── Data provided

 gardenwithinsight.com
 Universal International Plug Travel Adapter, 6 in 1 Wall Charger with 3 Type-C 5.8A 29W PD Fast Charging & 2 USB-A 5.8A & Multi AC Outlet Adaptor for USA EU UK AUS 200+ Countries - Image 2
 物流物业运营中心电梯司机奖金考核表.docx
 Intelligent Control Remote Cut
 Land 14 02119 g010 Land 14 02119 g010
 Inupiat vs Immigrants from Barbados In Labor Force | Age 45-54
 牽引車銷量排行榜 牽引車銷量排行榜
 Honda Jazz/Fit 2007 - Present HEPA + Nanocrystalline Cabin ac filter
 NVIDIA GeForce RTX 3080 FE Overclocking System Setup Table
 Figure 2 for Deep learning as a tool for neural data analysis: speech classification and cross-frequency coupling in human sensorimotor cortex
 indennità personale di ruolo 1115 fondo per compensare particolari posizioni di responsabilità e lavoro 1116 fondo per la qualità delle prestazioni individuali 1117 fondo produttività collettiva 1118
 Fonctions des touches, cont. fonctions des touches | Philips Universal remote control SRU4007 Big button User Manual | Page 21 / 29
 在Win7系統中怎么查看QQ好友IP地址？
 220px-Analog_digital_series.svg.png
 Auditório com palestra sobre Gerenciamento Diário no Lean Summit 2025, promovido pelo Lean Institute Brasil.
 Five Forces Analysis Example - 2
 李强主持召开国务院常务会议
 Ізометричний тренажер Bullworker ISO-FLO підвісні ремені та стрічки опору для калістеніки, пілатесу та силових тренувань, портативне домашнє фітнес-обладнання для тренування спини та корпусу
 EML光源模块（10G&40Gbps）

────

» Work instruction:
Give the number of lines in the entries that contain the word "Universal", without any other words.

» Answer for this exercise:
2